> _Exercise brief_: Up to and including the line holding "Desolation: Cottage at", write out the data exactly from its first line, but not the pictures.

> _Data listing_:
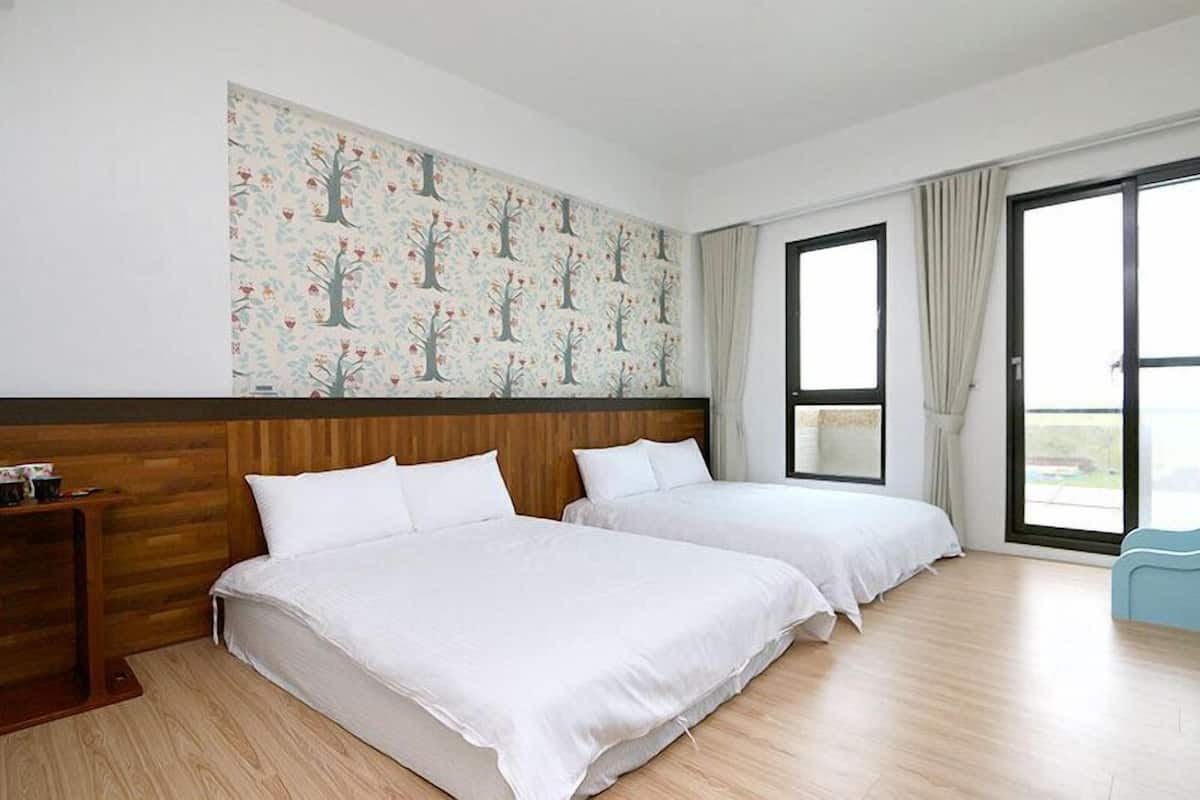 Een hotelkamer met twee bedden, een houten hoofdbord, een groot raam en een muur met een boommotief.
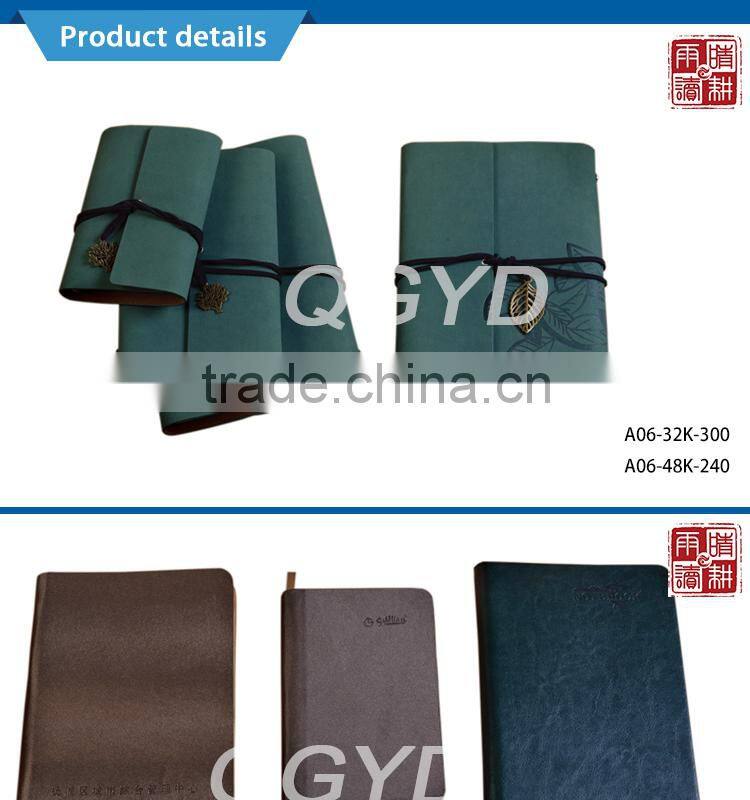 brown color notebook with metal nameplate elastic bind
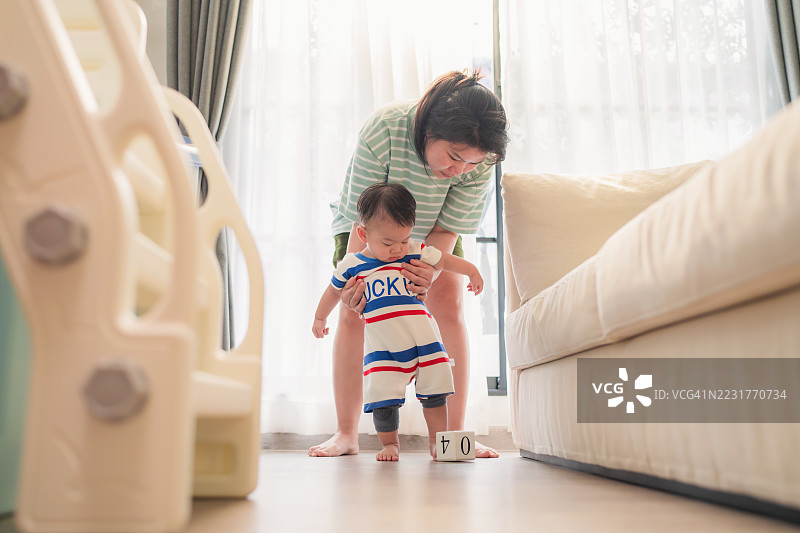 亚洲母亲在金色时光的光线下帮助婴儿男孩迈出第一步，创造了代际之间的联系，通过发展成就。这个真实的育儿内容展示了在关键的童年时刻中给予的关爱指导。图片素材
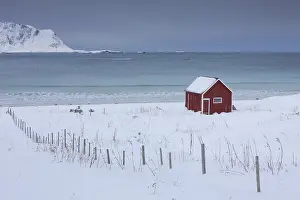 Desolation: Cottage at snowy coast - Lofoten - Norway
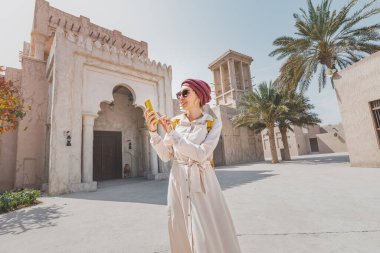 Renkli türbanlı doğulu bir kadın arkadaşlarıyla mesajlaşır ve akıllı bir telefonla eski bir Dubai şehrinin arka planına karşı iletişim kurar.
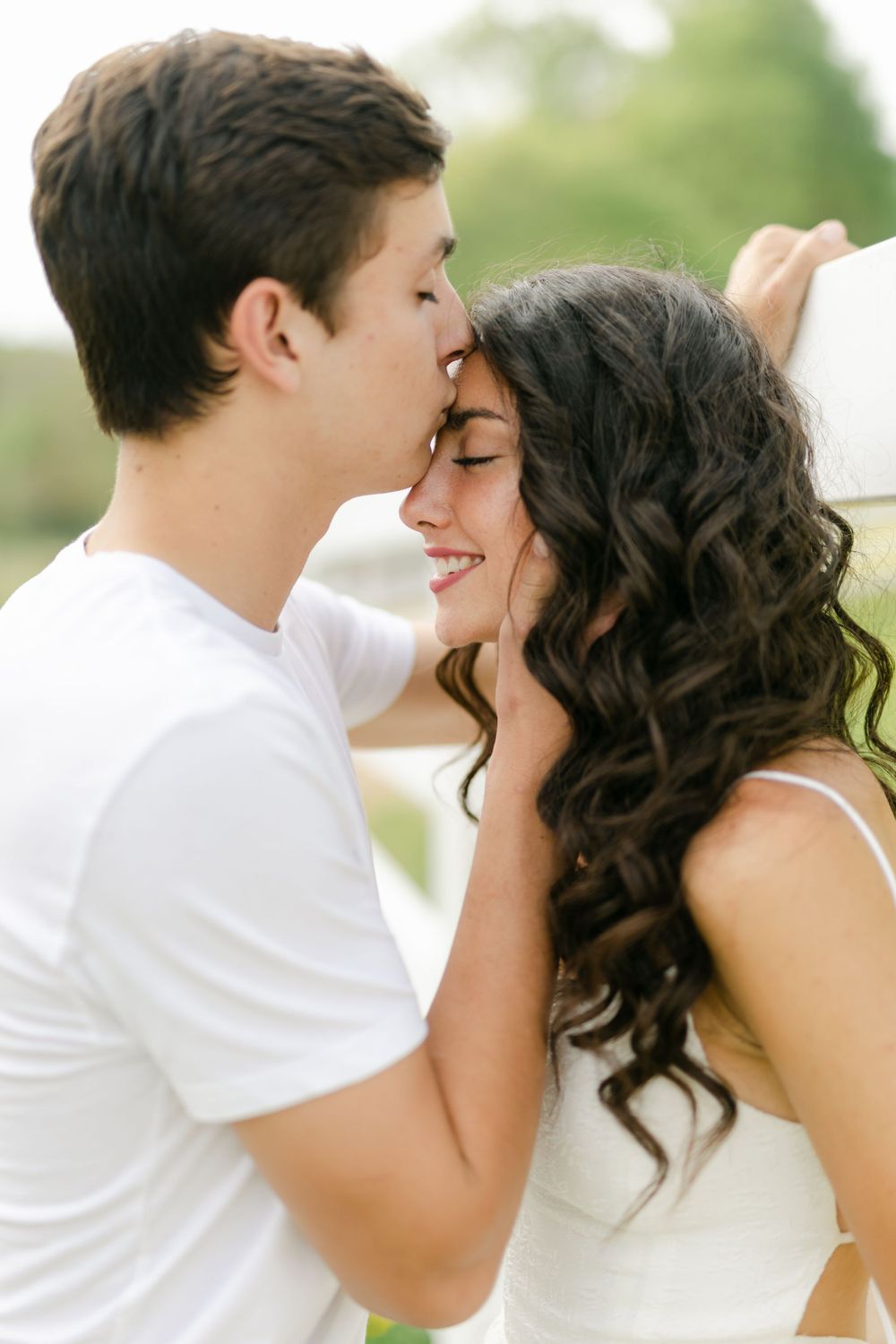 Young couple sharing a tender forehead kiss outdoors, man gently holding womans face.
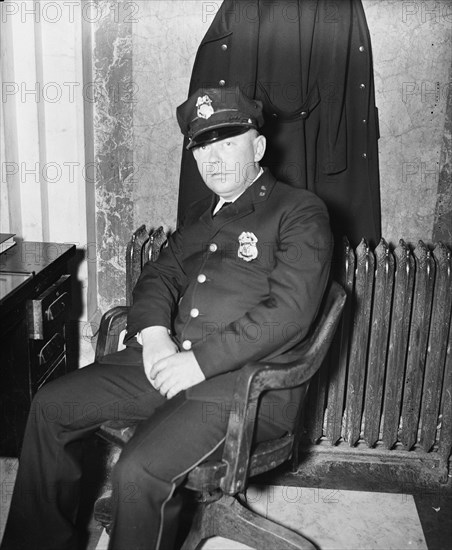 Fred. C. Parker, alleged life threatener of Sen. Huey Long, as he appeared at his post of duty in the House office building where he works as a member of the Capitol police force circa February 8, 1935.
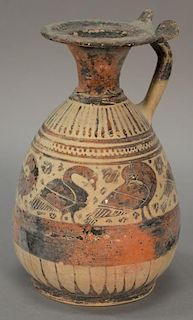 Etrusco-Corinthian black figure Olpe vessel, body decorated with birds and rosettes painted in dark and reddish browns having flared...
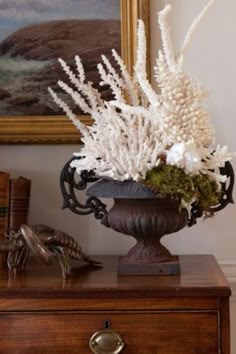 a vase filled with white flowers sitting on top of a wooden dresser next to a painting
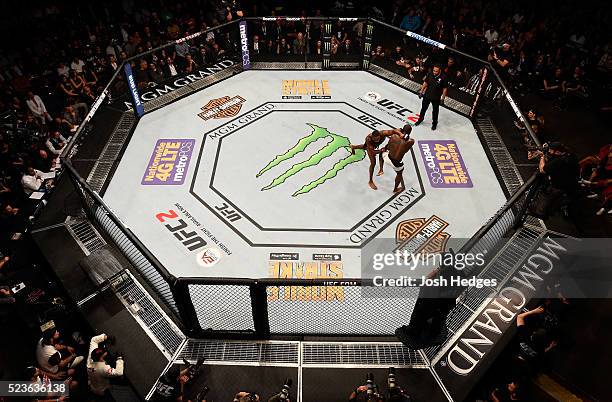 An overhead view of Jon Jones punching Ovince Saint Preux in their interim UFC light heavyweight championship bout during the UFC 197 event inside...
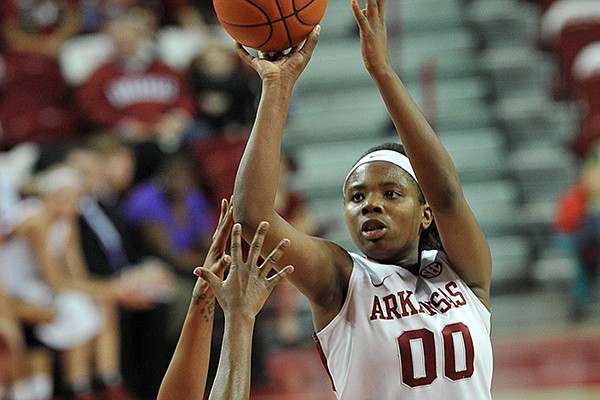 Arkansas forward Jessica Jackson drives to the hoop past Ole Miss defender Tia Faleru in the first half of Sunday afternoon's game at Bud Walton Arena in Fayetteville.
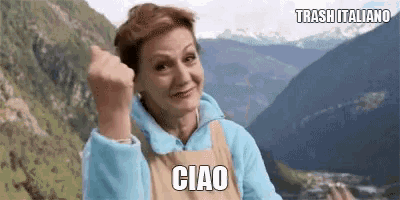 a woman is giving a thumbs up in front of a mountain range .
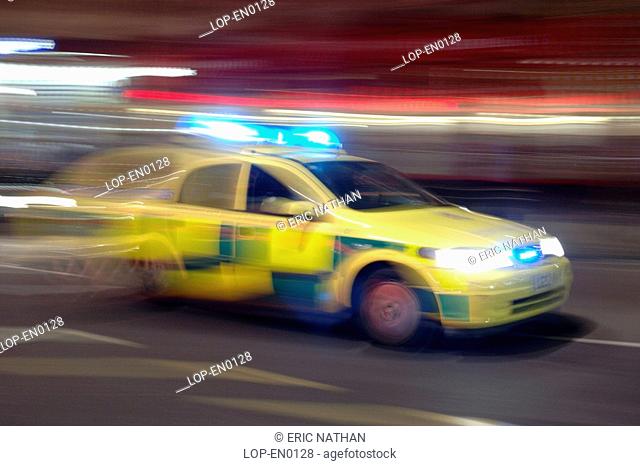 England, London, London, A police car speeding thorugh a London street at night. Over the past year the Metropolitan Police Service dealt with almost 110k cases...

> _Task answer_:
 Een hotelkamer met twee bedden, een houten hoofdbord, een groot raam en een muur met een boommotief.
 brown color notebook with metal nameplate elastic bind
 亚洲母亲在金色时光的光线下帮助婴儿男孩迈出第一步，创造了代际之间的联系，通过发展成就。这个真实的育儿内容展示了在关键的童年时刻中给予的关爱指导。图片素材
 Desolation: Cottage at snowy coast - Lofoten - Norway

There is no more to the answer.